Lyle came out of the connecting bathroom. “It doesn’t look like anything’s been touched in here,” he said. “Did she have any prescriptions that might have tempted somebody?”
“Not unless estrogen’s suddenly become a black-market commodity.”
Lyle’s mouth quirked upward, and Russ found himself half-smiling, thinking of Linda cracking jokes about hot flashes, and in the next instant his eyes filled with a rush of tears and he had to turn away, fumbling for the doorknob. “Better get to the rest of the house,” he said, when he could make his throat work again.

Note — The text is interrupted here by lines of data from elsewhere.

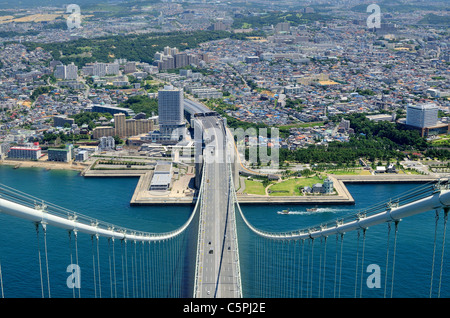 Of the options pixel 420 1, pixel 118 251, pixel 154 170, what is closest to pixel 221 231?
pixel 118 251

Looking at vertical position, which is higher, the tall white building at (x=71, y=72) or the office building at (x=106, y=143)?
the tall white building at (x=71, y=72)

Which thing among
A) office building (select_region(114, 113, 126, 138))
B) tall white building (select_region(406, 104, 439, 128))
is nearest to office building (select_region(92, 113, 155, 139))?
office building (select_region(114, 113, 126, 138))

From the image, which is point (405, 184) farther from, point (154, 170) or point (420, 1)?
point (420, 1)

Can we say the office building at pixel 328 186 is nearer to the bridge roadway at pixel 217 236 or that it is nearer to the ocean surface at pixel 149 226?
the ocean surface at pixel 149 226

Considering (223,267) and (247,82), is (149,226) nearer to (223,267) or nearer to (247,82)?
(223,267)

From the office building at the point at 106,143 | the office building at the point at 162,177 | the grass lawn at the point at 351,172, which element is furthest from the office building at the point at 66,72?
the grass lawn at the point at 351,172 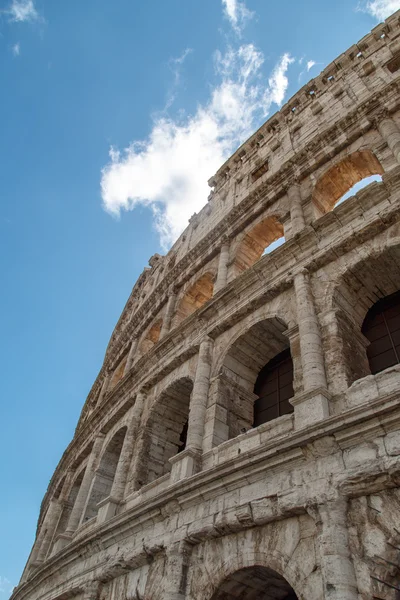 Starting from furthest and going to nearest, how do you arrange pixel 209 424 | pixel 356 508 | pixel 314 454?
pixel 209 424 < pixel 314 454 < pixel 356 508

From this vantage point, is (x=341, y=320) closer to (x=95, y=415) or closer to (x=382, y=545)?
(x=382, y=545)

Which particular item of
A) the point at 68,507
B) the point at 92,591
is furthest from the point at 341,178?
the point at 68,507

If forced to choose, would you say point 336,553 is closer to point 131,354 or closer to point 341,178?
point 341,178

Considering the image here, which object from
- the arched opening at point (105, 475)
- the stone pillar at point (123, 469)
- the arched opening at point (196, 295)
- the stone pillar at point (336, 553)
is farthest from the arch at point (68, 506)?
the stone pillar at point (336, 553)

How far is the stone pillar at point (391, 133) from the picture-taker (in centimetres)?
937

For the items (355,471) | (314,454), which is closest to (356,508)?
(355,471)

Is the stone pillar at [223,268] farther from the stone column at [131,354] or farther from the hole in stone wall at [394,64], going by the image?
the hole in stone wall at [394,64]

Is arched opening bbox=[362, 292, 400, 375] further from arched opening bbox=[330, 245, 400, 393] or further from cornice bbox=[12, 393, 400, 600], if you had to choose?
cornice bbox=[12, 393, 400, 600]

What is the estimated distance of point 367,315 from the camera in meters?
8.44

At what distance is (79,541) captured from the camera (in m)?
9.34

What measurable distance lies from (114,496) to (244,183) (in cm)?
1044

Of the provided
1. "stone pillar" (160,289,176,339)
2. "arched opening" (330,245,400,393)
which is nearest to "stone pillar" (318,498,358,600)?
"arched opening" (330,245,400,393)

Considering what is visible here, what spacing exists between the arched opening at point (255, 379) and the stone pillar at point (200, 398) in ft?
0.72

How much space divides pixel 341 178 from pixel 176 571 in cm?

He knew before they went downstairs that nothing would be missing, and he was right. The stereo, the DVD player, the silver collection she had amassed over the years-all of it was there. He and Lyle were headed for the small office off the parlor, where Linda paid the bills and managed her paperwork, when Kevin Flynn poked his head in from the living room. “Chief?” he said tentatively. “I’m sorry to disturb you…”
“What is it, Kevin?”
“It’s just-where did Mrs. Van Alstyne keep her purse?”
“Her purse?”
“I was going over the barn, and looking into her station wagon, and it made me think about my mom, who likes to keep her keys in the ignition in her car, so when I came back into the house I was sort of looking to see if you had some of those hooks for keys like folks sometimes have, you know, in the kitchen or the mudroom, except you don’t, so then I got to thinking where do ladies keep their keys if they aren’t in the car or on a hook and I figured their purses. Right?”